TRY IT:
Begin at the line below that holds "Tabletas Mayas y" and end at the line that holds "Baseball_Softball_Positions", transcribing each line exactly and skipping any picture.

INPUT DATA:
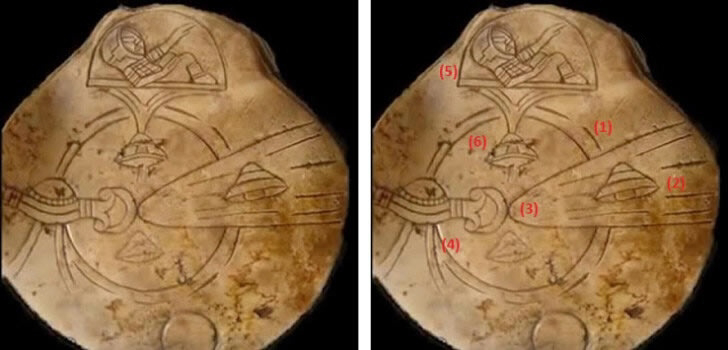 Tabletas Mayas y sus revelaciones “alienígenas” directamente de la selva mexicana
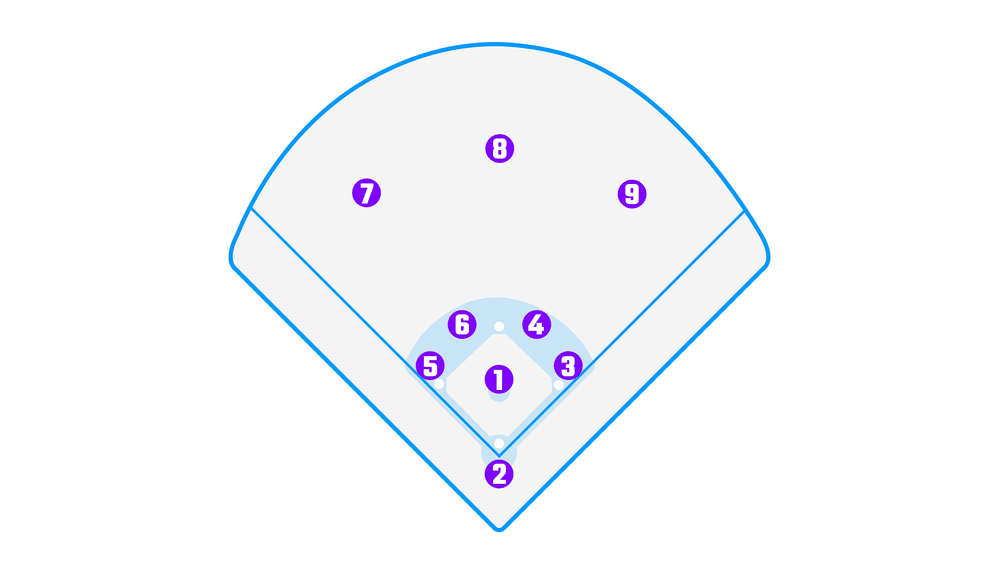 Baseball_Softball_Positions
--
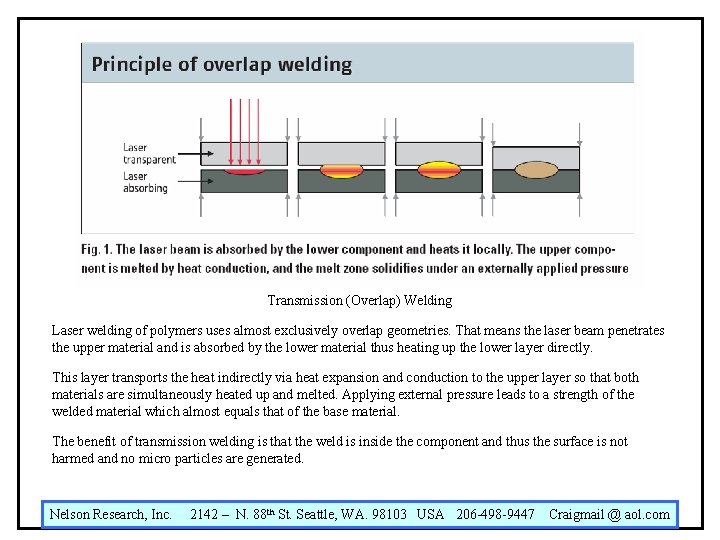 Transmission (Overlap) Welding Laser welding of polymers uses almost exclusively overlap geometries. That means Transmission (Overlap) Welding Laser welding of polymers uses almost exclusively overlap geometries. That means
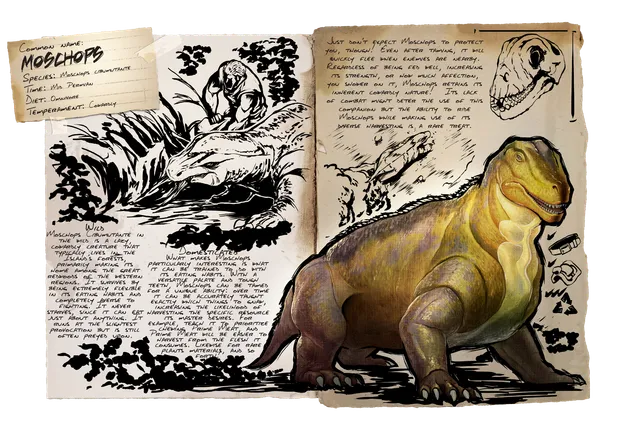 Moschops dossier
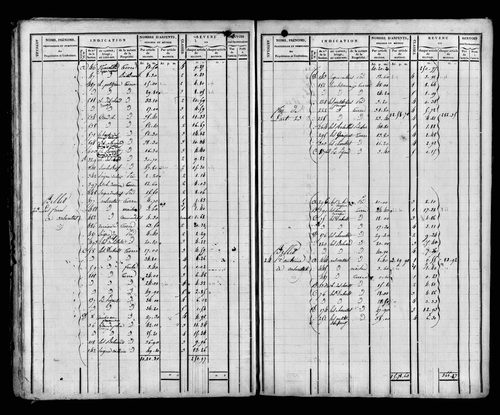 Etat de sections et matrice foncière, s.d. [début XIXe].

WRITTEN REPLY:
 Tabletas Mayas y sus revelaciones “alienígenas” directamente de la selva mexicana
 Baseball_Softball_Positions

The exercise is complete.